In the lower rooms are kept the courts of guards; in the first story the senate doth assemble; the second story contained a great number of Roman arms, distributed into several chambers; as also the third, scilicet, bucklers, some of which are whale-bone; cross-bows, and a great number of bolts. Amongst others there was one of those machines used by the Romans for a battery, called Ballista (…)
From the top of this house is an easy and pleasant prospect of the whole town, it being higher than any steeple there.
The cathedral is a fair church, but imperfect, neither the steeple nor body of the church being brought to their first intended height.
There they show several reliques; among others the bones of eleven thousand virgins of this country, who, for the more easy practice of their Christian religion, followed a king of England`s daughter to Cologne, and were all there martyrized with their leader, by a king of the Hunns.
The tombs of the three kings that came to worship our Saviour, first buried at Milan, and afterwards translated hither upon a certain day, which they observe as the greatest festival of the whole year. Their bodies, dried like mummy, are that day exposed to public view, the tomb being uncovered. One of them (they tell you) is much blacker than the rest, which they take to be the King of Aethopia.
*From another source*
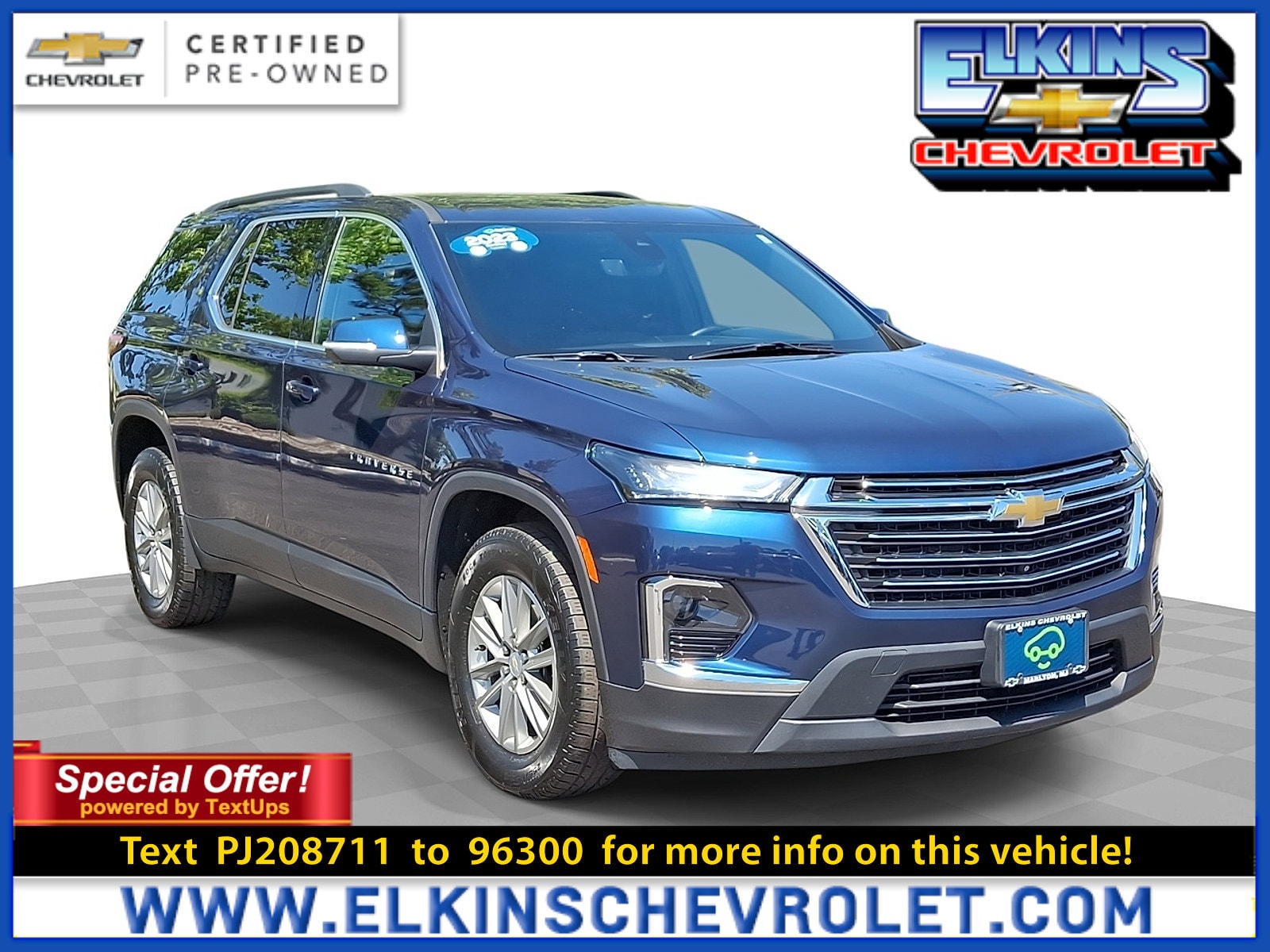 2023 Chevrolet Traverse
All the pilgrims (whose devotions lead them thither), that day, are treated and waited on at meat by the senators barefooted.
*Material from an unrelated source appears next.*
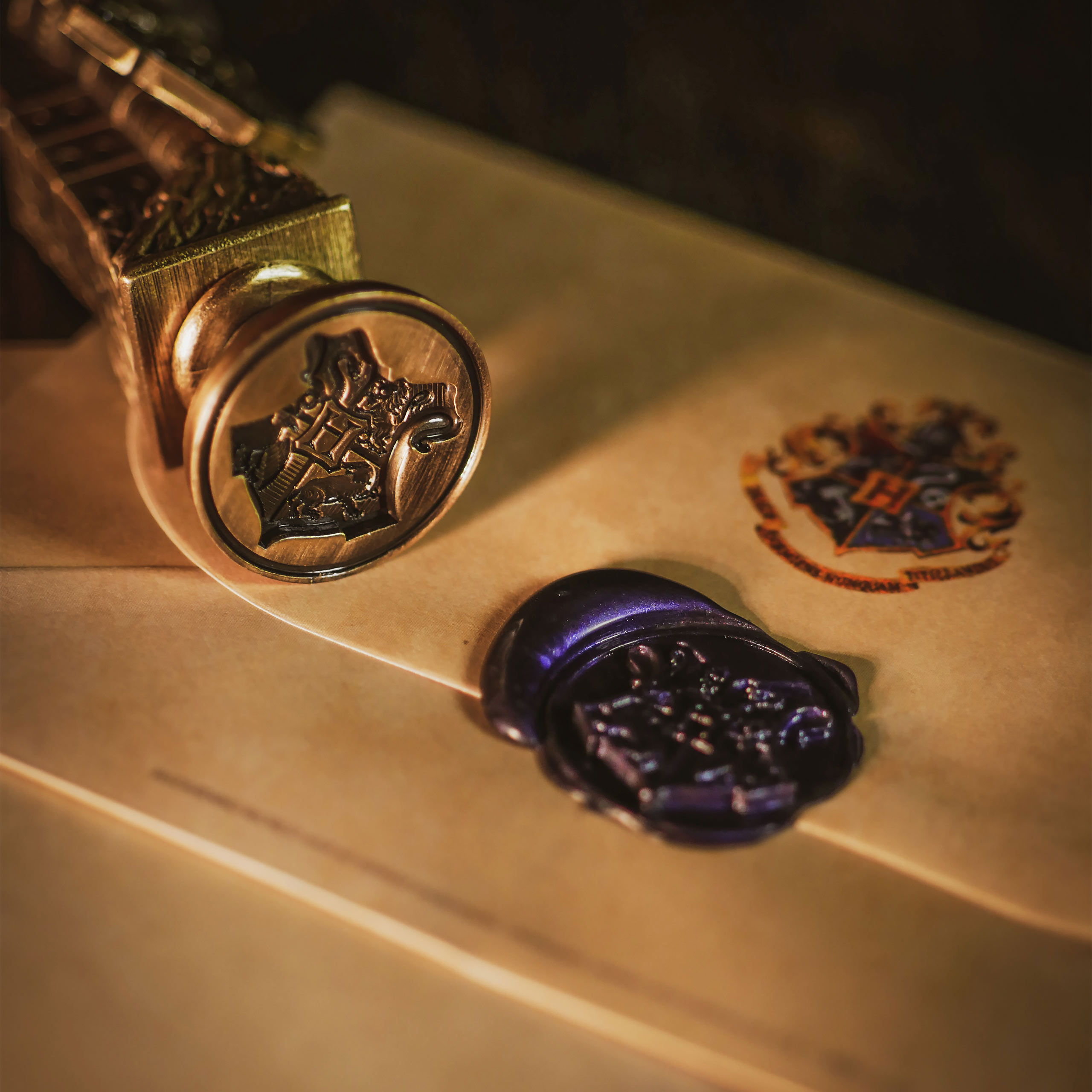 Hogwarts Stamp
Near to this tomb lies a vast stone, which they tell you the devil threw in at the top of the church to destroy it, which heaven miraculously diverted; showing a round place in the repair of the roof, where it should enter. (…)
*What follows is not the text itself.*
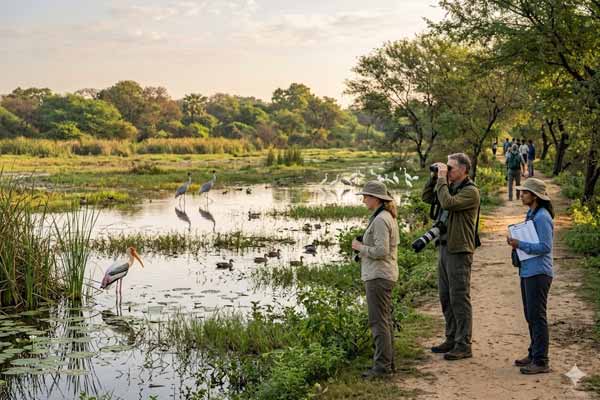 Keoladeo National Park Bird Watching in Bharatpur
The next church of note is that of the Jesuits, built after the modern use: in the middle alley, going up to the choir, stand fourteen excellent statues, our Saviour`s with six of the apostles on one hand, our Lady`s with the other six, on the other side. (…)”
Der Zufall wollte, daß wir heute mit einem Kölner Stadtführer verabredet waren. Weil wir nichts von Reresbys Kölner “Jesuitenkirche” wußten, fragten wir bei derart passender Gelegenheit, ob es eine solche noch gäbe und er führte uns kurzerhand zu St. Mariä Himmelfahrt. Da wachen sie nach wie vor, die “fourteen excellent statues”. Gemeinsam klapperten wir weitere Innenstadtkirchen ab, erfuhren wo Karl Marx seine Schokolade trank, wie Georg Weerth in der Rheinischen Zeitung den Wortlaut offizieller Verlautbarungen im Feuilleton abdruckte und somit zur Satire umwertete und schlenderten durch längst verschwundene Gassen. Doch weiter im Reresby:
“The greatest part of the inhabitants of this city are Romanists, none being allowed the public practice of their religion but those; nor, by a late law, can any marry and settle amongst them, that is a protestant; which severity, with others in that kind, gives it the name of Roma Germanica.
The women here follow much the mode of Brabant, wearing upon their foreheads a round peak like unto a saucer, of black velvet; from the middle rises a black stalk of the size and length of a man`s finger, tufted with silk at the end; from the back of their heads there falls a black veil down to their heels, like widows. (…)
Here was born Bruno, the founder of that strict order of the Chartric, by the rules of which establishment the monks are never allowed to eat flesh, or to speak one to another, except at certain times, and those but few.”